Talks broke down in 2002, and the ILWU accused the PMA of locking workers out. President George W. Bush dusted off a rarely used provision in the Taft-Hartley Act to get docks operating again.

The current contract was negotiated in 2008. Hourly base pay starts at about $25 and goes up to more than $40, plus additional pay depending on the work and skills required, said Craig Merrilees, an ILWU spokesman.

On the West Coast, longshoremen earned an average of $47.31 an hour last year, according to the Pacific Maritime Association.

Sticking points this time around include wages and benefits, safety standards and future job availability, Merrilees said.

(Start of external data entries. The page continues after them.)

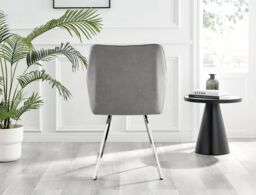 FurnitureboxUK Set of 2 Falun Deep Padded Dining Chairs Upholstered in Soft & Durable Fabric With Silver Chrome Legs in Light Grey - thumbnail 6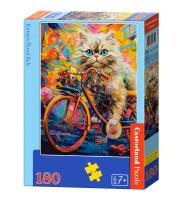 Puzzle 180 Kitten's Floral Ride CASTOR. Wydawca: Castorland. SmakLiter.pl Opakowanie Puzzle 180 Kitten's Floral Ride CASTOR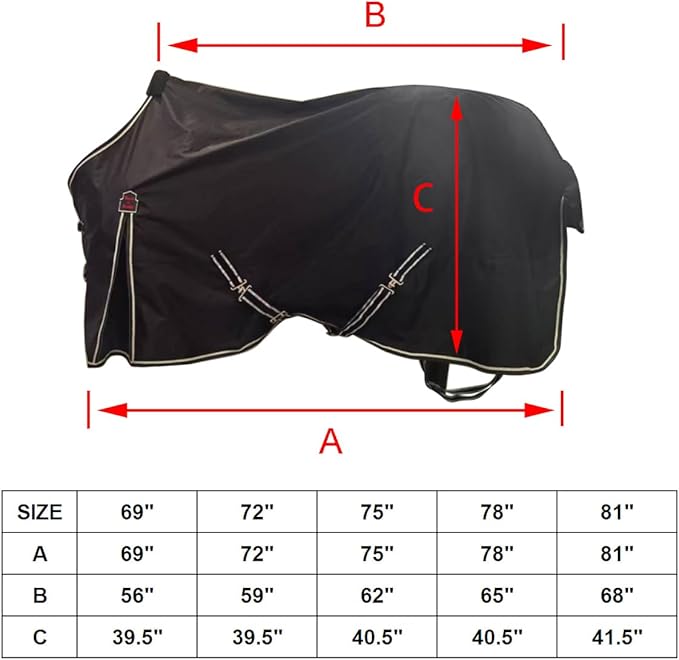 600Denier Waterproof and Breathable Horse Sheet Rip-Stop Turnout Rain Sheet Horse Blanket with Removable Leg Straps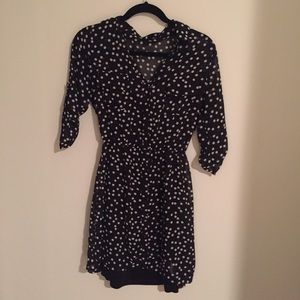 Collared, polka dot dress with built in slip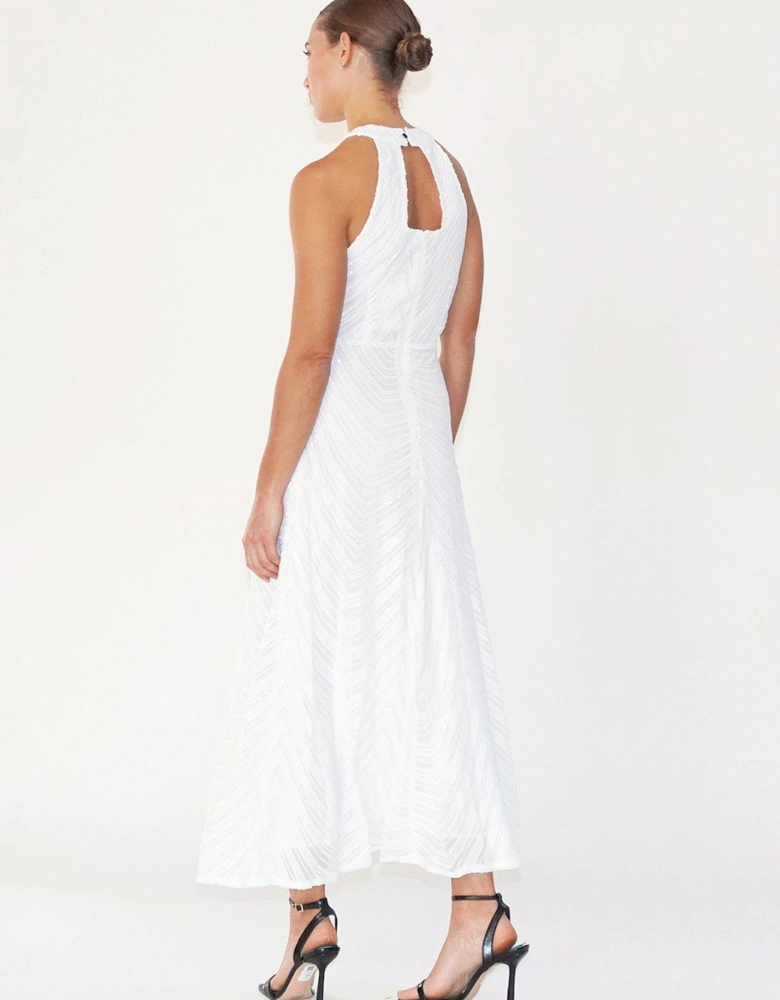 Halterneck Beaded Sequin Midi Maxi Dress - White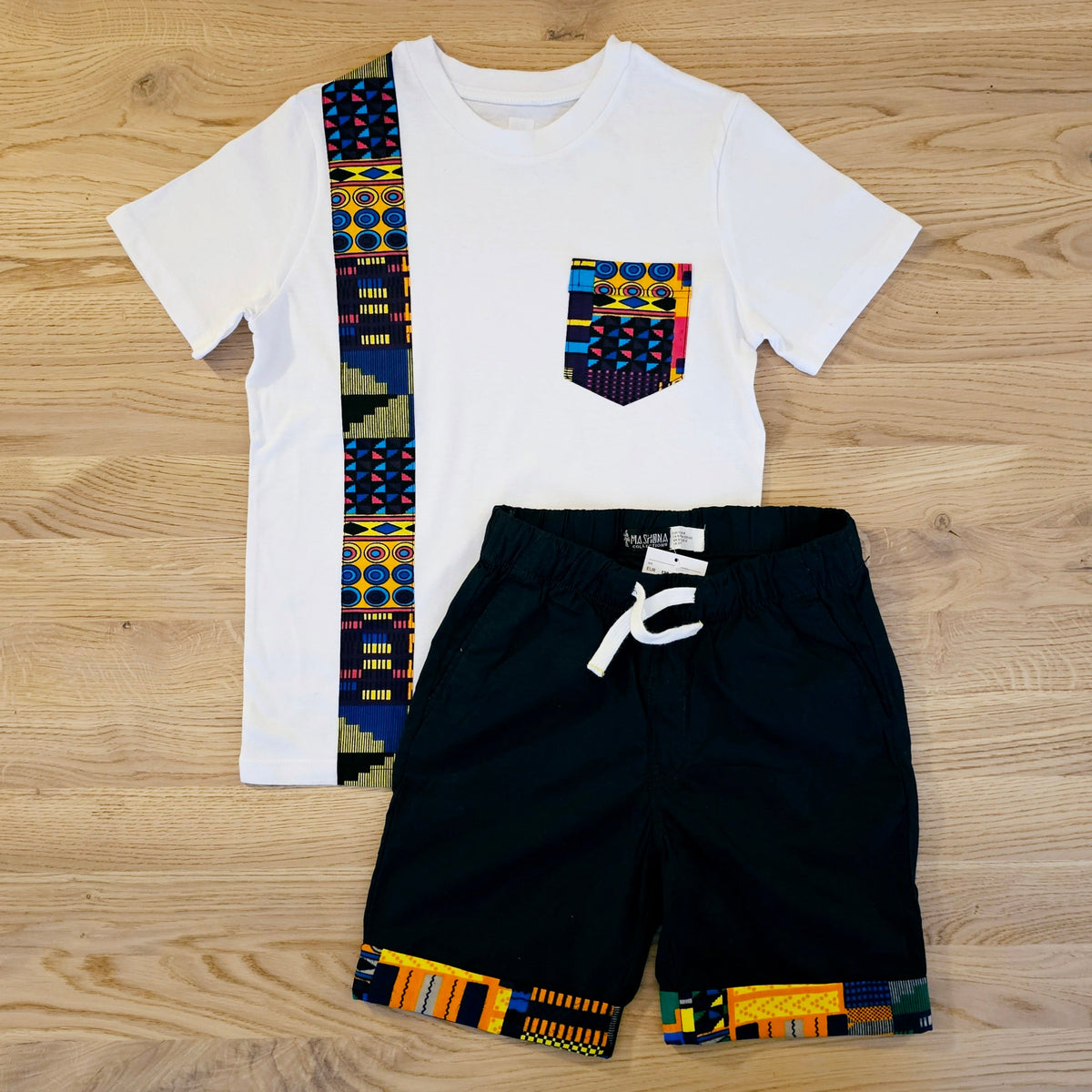 T-shirt and Cotton Pull Up Shorts Set with African Print Detail..-0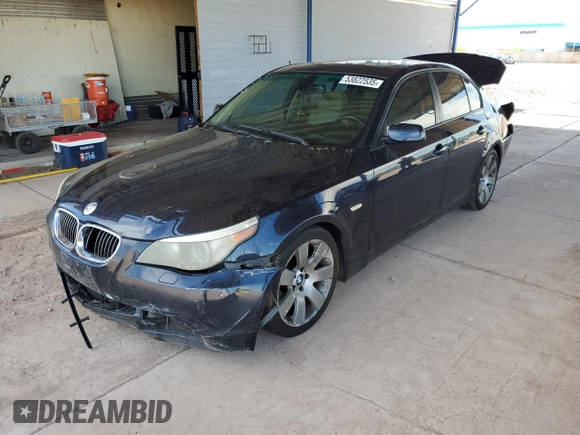 2007 BMW 5 Series 530i with VIN WBANE73567CM55416, listed as a Copart auction lot 53822535 with 145,066 mi miles and Salvage Title. Bid and sale history available at carsss.com. Image 1.
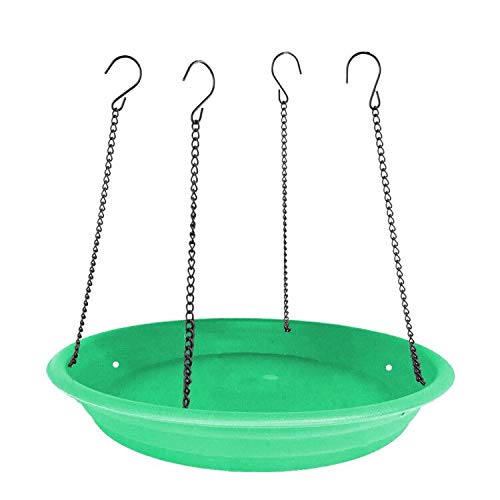 Premium Hanging Bird Feeder Tray - Large Platform Seed Tray for Wild Birds - Durable Outdoor Garden Decoration to Attract Cardinals, Finches & Bluebirds - Perfect for Backyard Bird Watching & Nature Lovers (Green)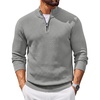 COOFANDY Men’s Quarter Zip Sweater Pullover 1/4 Zip Casual Long Sleeve Fall(Light Gray)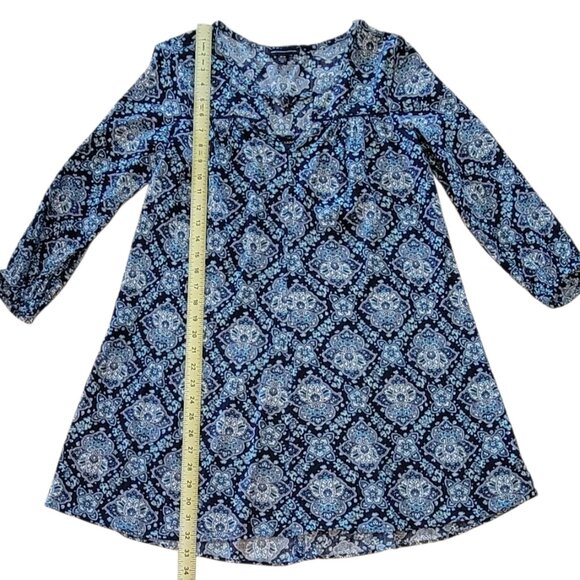 American Eagle Gauzy Babydoll Boho Peasant Blue Paisley Mini Dress - Picture 8 of 14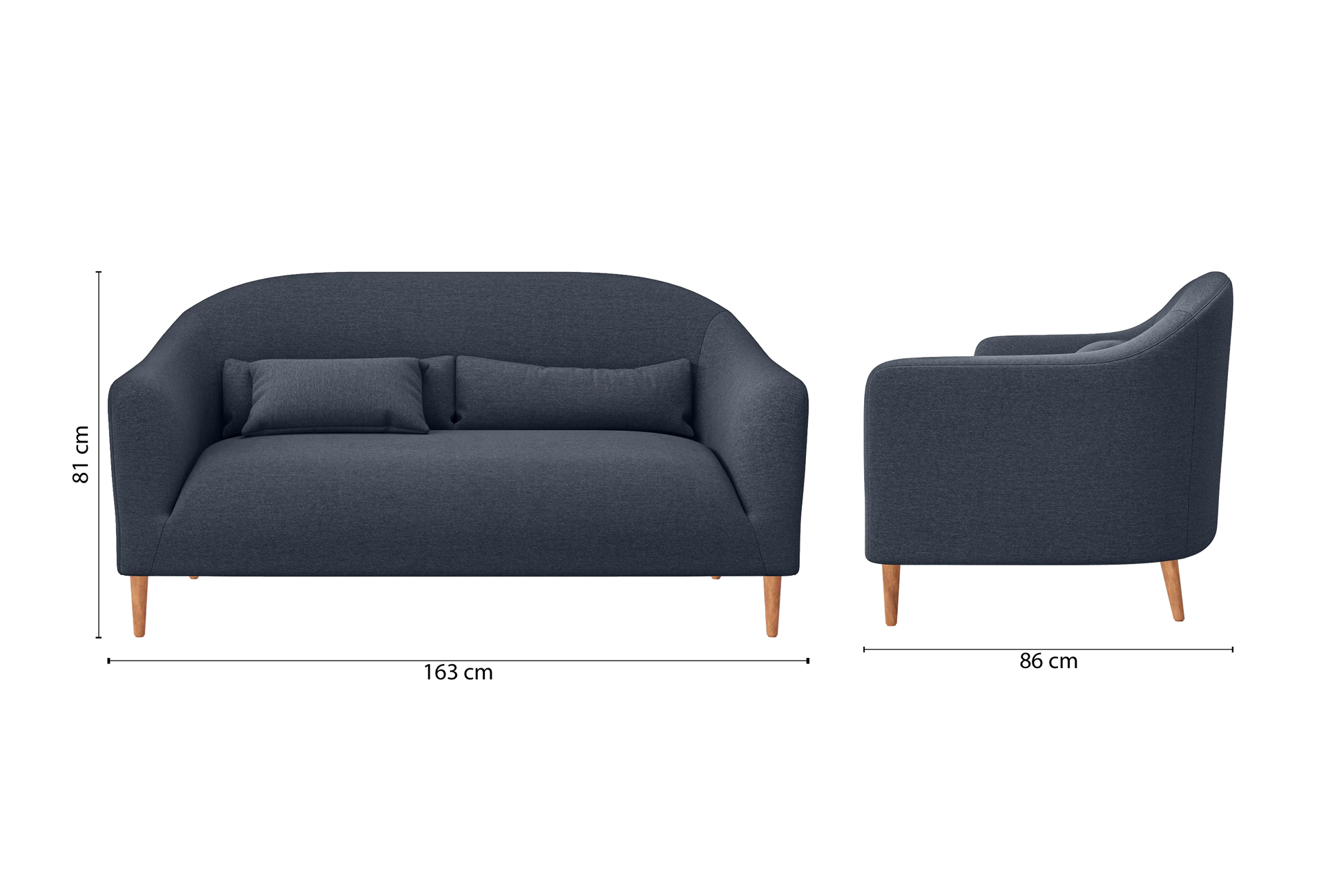 Andria 2 Seater Sofa Dark Blue Linen Fabric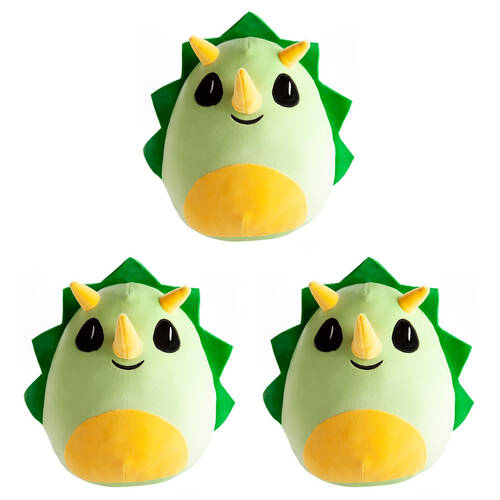 3PK Smooshos Pal Cushion Plush Stuffed Animal Pillow Triceratops 22x16cm Green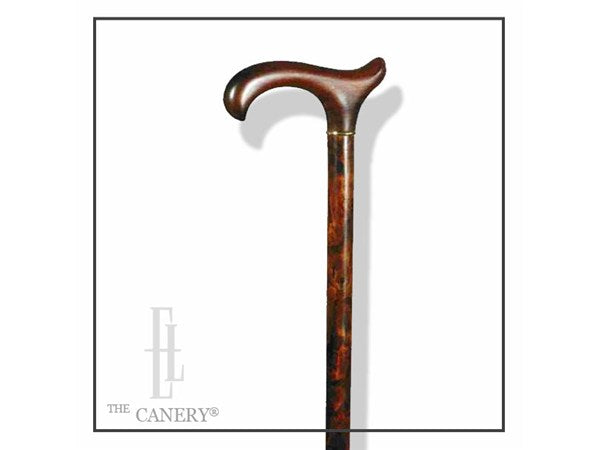 Reduced and Polished Blackthorn Irish Walking Cane with Derby Handle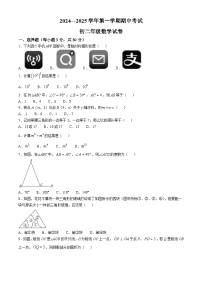 甘肃省嘉峪关市实验中学2024-2025学年八年级上学期10月期中考试数学试题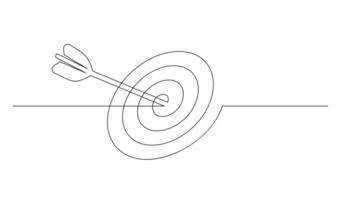 continuo línea dibujo de flecha en centrar de objetivo diseño vector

“There’s concern that jobs on the docks will be there in the future,” he said.

Technology may change the work, but the ILWU wants to make sure its members have first shot, he said.

Both sides declined to comment on how current talks are going.

The Port of Everett is entering its busy season, when ship traffic to and from Russia picks up.

Since January, “we’re four ships ahead of where we were last year,” Lefeber said.

That is about a 10 percent increase.

In 2013, 175 ships called at Everett, up from 167 in 2012.

The port mostly handles break bulk cargo that is not held in containers, such as Japanese-made wings for Boeing 777 or 20-foot-tall John Deere tractors bound for Russia.

The total tonnage moving through the port has increased in recent years, but at 293,442 tons in 2013, it still hasn’t caught up to pre-recession levels. In 2008, the Port of Everett handled 412,207 tons. And that was well down from 1999, when the port moved 510,432 tons, according to data from the PMA.

For the time being, Everett’s docks are running.

“Workers are working. Negotiators are negotiating,” Merrilees said.